## Material for this task
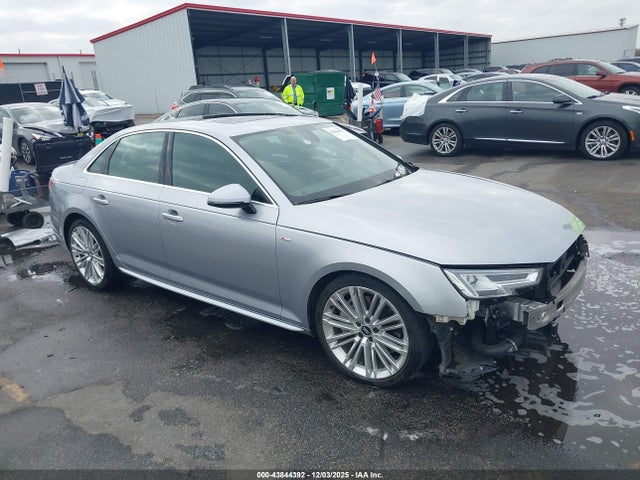 2019 AUDI A4 WAUENAF45KN021078 Photo 0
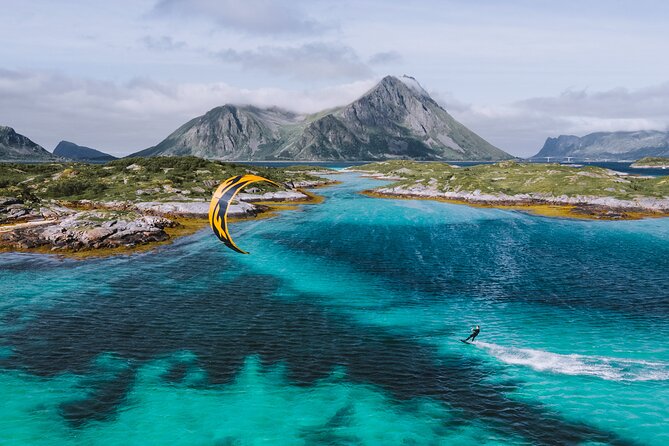 Private Midnight Tour To Gimsøya - Scenic Drive to Gimsøya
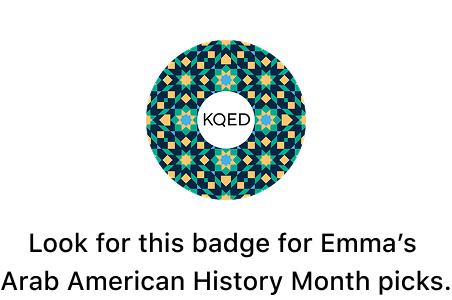 Look for this badge for recommendations that celebrate LGBTQ+ Pride Month.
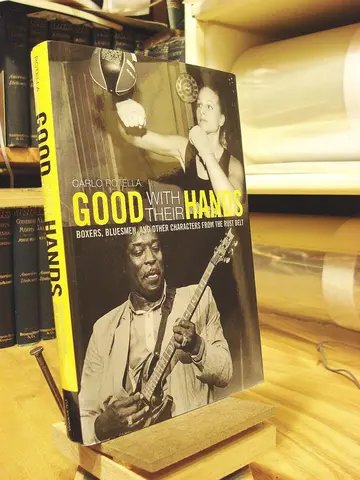 Cover of Good with Their Hands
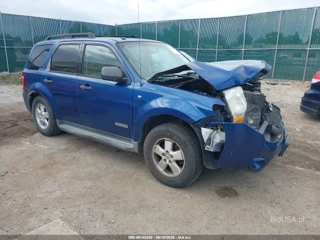 FORD FORD ESCAPE XLT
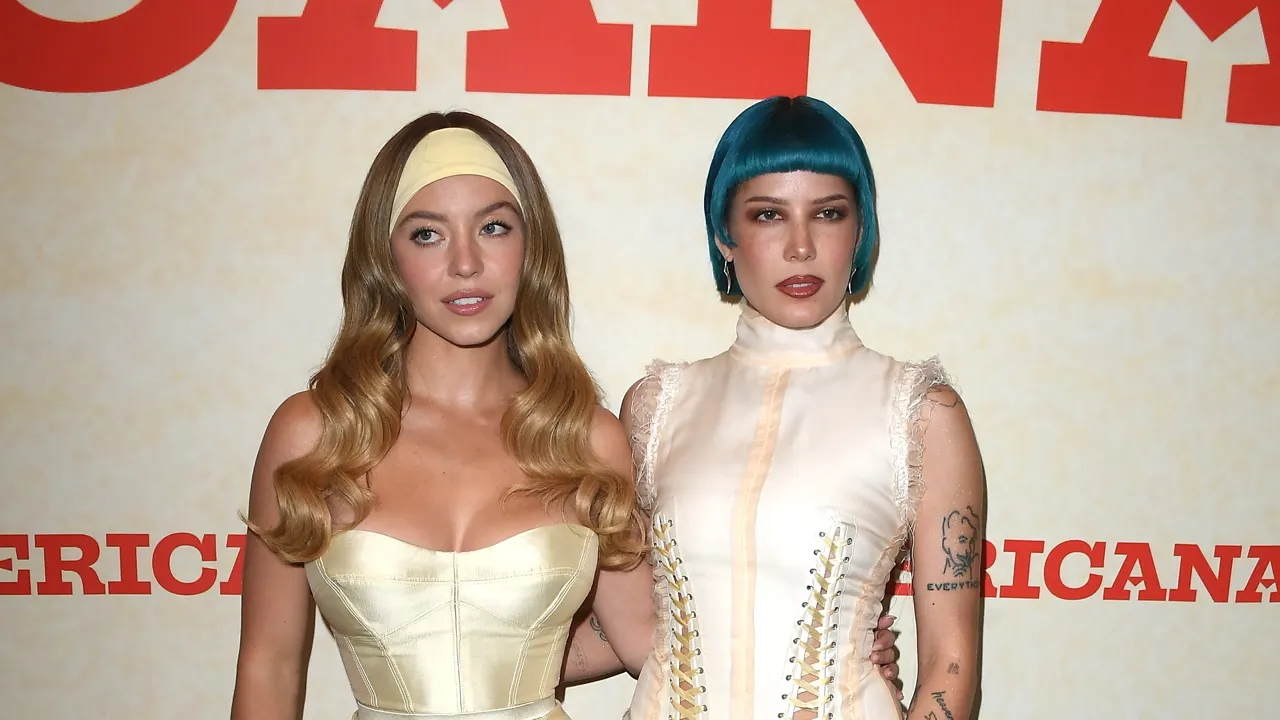 Halsey defends ‘Americana’ after co-star Sydney Sweeney’s jeans ad controversy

## Required work
Only the pictures are to be left out; repeat everything else in the records above exactly.

## Finished task
 2019 AUDI A4 WAUENAF45KN021078 Photo 0
 Private Midnight Tour To Gimsøya - Scenic Drive to Gimsøya
 Look for this badge for recommendations that celebrate LGBTQ+ Pride Month.
 Cover of Good with Their Hands
 FORD FORD ESCAPE XLT
 Halsey defends ‘Americana’ after co-star Sydney Sweeney’s jeans ad controversy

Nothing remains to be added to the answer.